■ **Problem to solve**
Exactly as written, restate the material below from its first line through the line containing "Yara Moi 10", and stop there.

■ **Input material**
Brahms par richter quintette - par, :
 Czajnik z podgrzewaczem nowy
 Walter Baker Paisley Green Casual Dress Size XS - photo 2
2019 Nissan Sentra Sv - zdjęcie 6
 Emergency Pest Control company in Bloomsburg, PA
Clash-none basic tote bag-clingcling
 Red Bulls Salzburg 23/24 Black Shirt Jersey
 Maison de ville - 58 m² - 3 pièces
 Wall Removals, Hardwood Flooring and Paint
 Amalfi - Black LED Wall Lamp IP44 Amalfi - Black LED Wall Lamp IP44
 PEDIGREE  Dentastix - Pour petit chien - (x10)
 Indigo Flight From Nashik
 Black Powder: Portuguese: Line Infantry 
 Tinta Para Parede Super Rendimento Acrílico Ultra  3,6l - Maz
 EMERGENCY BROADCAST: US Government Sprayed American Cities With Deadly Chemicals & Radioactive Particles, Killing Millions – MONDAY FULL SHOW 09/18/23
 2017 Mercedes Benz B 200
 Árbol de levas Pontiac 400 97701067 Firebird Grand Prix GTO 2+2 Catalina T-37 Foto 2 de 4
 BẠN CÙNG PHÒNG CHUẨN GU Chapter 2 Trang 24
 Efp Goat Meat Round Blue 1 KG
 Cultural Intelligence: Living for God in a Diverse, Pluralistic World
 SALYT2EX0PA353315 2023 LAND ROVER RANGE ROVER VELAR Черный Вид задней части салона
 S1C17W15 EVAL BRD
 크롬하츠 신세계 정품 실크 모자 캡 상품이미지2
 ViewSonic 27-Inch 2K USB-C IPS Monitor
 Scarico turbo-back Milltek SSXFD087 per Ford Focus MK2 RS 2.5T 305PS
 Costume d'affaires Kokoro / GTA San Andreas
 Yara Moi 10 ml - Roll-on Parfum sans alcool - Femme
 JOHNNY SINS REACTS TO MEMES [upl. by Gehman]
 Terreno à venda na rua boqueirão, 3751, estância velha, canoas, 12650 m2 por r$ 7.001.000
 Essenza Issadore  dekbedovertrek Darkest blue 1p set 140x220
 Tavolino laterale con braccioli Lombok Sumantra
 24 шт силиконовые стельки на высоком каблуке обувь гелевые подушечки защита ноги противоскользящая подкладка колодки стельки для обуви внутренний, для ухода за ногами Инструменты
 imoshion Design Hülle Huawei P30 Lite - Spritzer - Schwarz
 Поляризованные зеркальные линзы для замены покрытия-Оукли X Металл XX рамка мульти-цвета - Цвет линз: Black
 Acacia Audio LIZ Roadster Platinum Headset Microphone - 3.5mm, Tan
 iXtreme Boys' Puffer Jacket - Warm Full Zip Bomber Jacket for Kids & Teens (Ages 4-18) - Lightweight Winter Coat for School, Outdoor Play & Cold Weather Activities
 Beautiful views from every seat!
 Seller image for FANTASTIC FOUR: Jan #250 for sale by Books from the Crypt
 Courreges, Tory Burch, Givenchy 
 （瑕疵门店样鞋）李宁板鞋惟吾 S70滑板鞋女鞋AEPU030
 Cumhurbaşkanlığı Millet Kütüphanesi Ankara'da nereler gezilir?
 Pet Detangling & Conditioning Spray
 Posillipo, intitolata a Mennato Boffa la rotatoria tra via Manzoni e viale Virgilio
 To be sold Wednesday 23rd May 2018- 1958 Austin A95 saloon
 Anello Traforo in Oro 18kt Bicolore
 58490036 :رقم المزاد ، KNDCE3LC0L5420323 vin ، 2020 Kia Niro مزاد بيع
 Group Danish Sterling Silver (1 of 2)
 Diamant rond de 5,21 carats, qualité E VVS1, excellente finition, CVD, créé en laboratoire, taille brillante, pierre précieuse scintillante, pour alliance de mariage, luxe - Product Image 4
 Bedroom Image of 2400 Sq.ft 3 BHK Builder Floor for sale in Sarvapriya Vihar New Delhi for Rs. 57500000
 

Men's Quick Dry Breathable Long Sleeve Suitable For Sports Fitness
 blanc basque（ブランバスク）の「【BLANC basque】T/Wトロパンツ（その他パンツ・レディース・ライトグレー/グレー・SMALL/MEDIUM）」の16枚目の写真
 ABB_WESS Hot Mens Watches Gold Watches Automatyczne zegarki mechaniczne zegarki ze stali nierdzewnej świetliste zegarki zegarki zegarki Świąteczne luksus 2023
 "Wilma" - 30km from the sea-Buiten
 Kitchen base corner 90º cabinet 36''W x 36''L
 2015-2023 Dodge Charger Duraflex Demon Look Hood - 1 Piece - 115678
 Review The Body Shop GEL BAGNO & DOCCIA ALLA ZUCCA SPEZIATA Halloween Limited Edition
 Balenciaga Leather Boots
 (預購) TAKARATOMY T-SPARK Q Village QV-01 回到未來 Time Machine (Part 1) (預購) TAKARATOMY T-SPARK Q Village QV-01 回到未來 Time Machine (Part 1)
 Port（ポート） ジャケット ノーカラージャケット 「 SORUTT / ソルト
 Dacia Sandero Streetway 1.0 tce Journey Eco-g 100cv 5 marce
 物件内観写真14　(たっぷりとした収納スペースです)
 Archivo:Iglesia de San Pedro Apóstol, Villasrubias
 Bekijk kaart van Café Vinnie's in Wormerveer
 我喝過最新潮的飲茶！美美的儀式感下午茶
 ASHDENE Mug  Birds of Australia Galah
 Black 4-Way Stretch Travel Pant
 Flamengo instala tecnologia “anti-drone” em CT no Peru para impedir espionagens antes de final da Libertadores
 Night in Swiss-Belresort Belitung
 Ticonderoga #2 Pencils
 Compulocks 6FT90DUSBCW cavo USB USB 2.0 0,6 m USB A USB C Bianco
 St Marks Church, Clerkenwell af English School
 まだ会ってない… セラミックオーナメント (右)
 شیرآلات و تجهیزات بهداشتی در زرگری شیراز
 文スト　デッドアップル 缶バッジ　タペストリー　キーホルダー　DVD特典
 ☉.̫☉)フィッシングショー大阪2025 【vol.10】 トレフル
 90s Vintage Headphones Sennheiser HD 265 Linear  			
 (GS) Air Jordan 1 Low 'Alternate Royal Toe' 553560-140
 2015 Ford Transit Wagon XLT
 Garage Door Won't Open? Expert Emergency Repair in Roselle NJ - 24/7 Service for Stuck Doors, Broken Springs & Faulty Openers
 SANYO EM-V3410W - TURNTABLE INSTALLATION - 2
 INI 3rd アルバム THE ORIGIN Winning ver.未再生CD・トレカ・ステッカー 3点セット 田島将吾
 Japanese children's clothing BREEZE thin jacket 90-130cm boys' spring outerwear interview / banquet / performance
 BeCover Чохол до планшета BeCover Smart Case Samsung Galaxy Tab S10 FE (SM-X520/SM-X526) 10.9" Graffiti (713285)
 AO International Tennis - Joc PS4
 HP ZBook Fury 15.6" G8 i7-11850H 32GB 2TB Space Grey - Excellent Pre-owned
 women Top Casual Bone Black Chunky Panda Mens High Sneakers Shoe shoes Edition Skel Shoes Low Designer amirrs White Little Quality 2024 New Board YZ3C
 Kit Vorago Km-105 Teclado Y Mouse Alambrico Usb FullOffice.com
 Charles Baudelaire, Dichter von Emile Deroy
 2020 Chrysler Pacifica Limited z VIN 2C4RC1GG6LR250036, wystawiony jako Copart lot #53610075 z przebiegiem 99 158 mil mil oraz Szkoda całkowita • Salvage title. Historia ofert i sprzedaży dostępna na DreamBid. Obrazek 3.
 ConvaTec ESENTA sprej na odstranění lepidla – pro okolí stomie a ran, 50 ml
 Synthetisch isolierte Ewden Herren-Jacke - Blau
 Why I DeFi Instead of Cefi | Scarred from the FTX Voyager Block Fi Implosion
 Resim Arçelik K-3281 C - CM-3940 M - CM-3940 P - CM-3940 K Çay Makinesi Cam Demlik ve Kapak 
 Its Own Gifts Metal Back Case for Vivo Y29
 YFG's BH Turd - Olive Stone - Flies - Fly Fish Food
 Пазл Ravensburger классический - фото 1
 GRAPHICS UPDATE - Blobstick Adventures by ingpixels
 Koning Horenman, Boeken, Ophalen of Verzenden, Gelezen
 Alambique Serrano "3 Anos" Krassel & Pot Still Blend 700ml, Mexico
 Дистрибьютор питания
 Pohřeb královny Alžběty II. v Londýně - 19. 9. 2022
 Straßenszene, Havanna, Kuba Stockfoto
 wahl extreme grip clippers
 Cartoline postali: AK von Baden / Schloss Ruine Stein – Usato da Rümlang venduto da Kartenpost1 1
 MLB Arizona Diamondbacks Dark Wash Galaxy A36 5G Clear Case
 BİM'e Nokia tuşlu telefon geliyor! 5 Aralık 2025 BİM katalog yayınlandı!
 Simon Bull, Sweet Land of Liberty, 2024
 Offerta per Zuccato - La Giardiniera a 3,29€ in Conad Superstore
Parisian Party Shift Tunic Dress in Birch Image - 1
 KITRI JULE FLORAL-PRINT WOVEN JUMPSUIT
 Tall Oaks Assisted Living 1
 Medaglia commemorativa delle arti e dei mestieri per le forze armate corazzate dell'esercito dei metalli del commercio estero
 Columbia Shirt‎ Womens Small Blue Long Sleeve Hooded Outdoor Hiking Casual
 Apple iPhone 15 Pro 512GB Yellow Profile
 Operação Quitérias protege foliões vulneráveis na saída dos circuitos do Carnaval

■ **Your solution**
Brahms par richter quintette - par, :
 Czajnik z podgrzewaczem nowy
 Walter Baker Paisley Green Casual Dress Size XS - photo 2
2019 Nissan Sentra Sv - zdjęcie 6
 Emergency Pest Control company in Bloomsburg, PA
Clash-none basic tote bag-clingcling
 Red Bulls Salzburg 23/24 Black Shirt Jersey
 Maison de ville - 58 m² - 3 pièces
 Wall Removals, Hardwood Flooring and Paint
 Amalfi - Black LED Wall Lamp IP44 Amalfi - Black LED Wall Lamp IP44
 PEDIGREE  Dentastix - Pour petit chien - (x10)
 Indigo Flight From Nashik
 Black Powder: Portuguese: Line Infantry 
 Tinta Para Parede Super Rendimento Acrílico Ultra  3,6l - Maz
 EMERGENCY BROADCAST: US Government Sprayed American Cities With Deadly Chemicals & Radioactive Particles, Killing Millions – MONDAY FULL SHOW 09/18/23
 2017 Mercedes Benz B 200
 Árbol de levas Pontiac 400 97701067 Firebird Grand Prix GTO 2+2 Catalina T-37 Foto 2 de 4
 BẠN CÙNG PHÒNG CHUẨN GU Chapter 2 Trang 24
 Efp Goat Meat Round Blue 1 KG
 Cultural Intelligence: Living for God in a Diverse, Pluralistic World
 SALYT2EX0PA353315 2023 LAND ROVER RANGE ROVER VELAR Черный Вид задней части салона
 S1C17W15 EVAL BRD
 크롬하츠 신세계 정품 실크 모자 캡 상품이미지2
 ViewSonic 27-Inch 2K USB-C IPS Monitor
 Scarico turbo-back Milltek SSXFD087 per Ford Focus MK2 RS 2.5T 305PS
 Costume d'affaires Kokoro / GTA San Andreas
 Yara Moi 10 ml - Roll-on Parfum sans alcool - Femme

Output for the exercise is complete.